→ **Exercise instructions**: Starting at the top of the entries below, set down each line exactly as written, and stop after the line containing "Una cucina compatta".

→ **Materials provided**:
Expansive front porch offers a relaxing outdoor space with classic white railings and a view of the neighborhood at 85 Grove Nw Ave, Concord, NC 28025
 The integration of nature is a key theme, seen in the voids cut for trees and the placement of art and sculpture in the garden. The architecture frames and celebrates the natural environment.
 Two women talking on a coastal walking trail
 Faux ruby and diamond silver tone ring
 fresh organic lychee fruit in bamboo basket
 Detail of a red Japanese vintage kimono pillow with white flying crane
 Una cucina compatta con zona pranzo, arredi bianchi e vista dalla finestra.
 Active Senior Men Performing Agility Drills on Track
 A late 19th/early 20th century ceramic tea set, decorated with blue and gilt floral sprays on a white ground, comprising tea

→ **Task response**:
Expansive front porch offers a relaxing outdoor space with classic white railings and a view of the neighborhood at 85 Grove Nw Ave, Concord, NC 28025
 The integration of nature is a key theme, seen in the voids cut for trees and the placement of art and sculpture in the garden. The architecture frames and celebrates the natural environment.
 Two women talking on a coastal walking trail
 Faux ruby and diamond silver tone ring
 fresh organic lychee fruit in bamboo basket
 Detail of a red Japanese vintage kimono pillow with white flying crane
 Una cucina compatta con zona pranzo, arredi bianchi e vista dalla finestra.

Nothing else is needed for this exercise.